The first of these to undergo treatment was a dress and hat ensemble worn by Eileen Amy Brock, aged 9, who was one of the bridesmaids at the marriage of her cousin Mabel Fraser-Spooner to Raymond Thackery, in 1924.
Both the dress and the hat are normally housed within the collection at the Museum of Childhood, but they have both been brought to main V&A site to undergo conservation. Frances Hartog, one of our Senior Conservators has just finished carrying out the treatment on the hat.
This little hat is made from narrow strips of rayon crin, short for crinoline, which have been stitched together in a spiral. To determine the material of the hat, Frances had a small sample analysed in our Science Conservation Studio. The reason for the testing was that in 1924, rayon, which is a semi-synthetic fibre, was still a relatively new material, and Frances was intrigued to find it used for a hat. Nowadays, crin in made from Nylon, which was not used commercially until the late 1930s. Had the hat been made from Nylon, its 1924 date would have been questionable.
The previous two images show the object before of conservation, and it is clear to see how the hat was looking rather crushed and floppy when we assessed it. It also had several visible holes with loose threads hanging down in a messy tangle.
Taking a closer look at the brim, the holes are even more evident, as is the broken edging thread.
After conservation however; which involved supporting the holes with a black net and adding a new thread to define the rim, the holes are far less visible.
Looking at the same views of the object after the conservation treatment, the hat is in much better shape. The holes have been supported and the stitching renewed where necessary, and there is also a fairly obvious addition to the hat in the shape of the flower!

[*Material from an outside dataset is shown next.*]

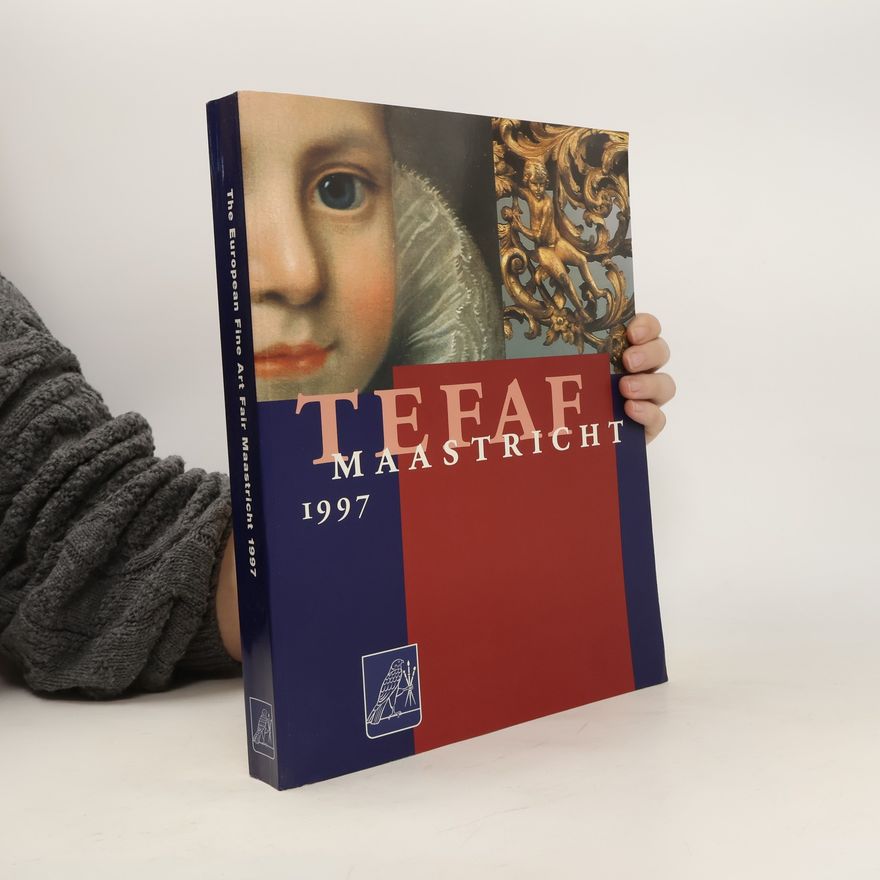 Kolektiv autorů TEFAF Maastricht 1997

The flower however is not a part of the original object, as the flower was not accessioned with the ensemble. Having looked at the photograph of the bridal party, both the Conservator and the Curator felt that the hat didn’t resemble the image closely enough, and that for the sake of interpretation a replica could be added to ensure visitors could see the hat in the correct context and style. Luckily, a suitable replica was found among many silk flowers we have in our unregistered collection.
When it comes to using replicas in this manner, our aim is always to improve the understanding of the object and never to deceive the viewer. As such, all replicas are listed on the object labels throughout any exhibition.
I hope you’ll agree that although the flower is not original, it does vastly improve both the overall look and impact of the hat.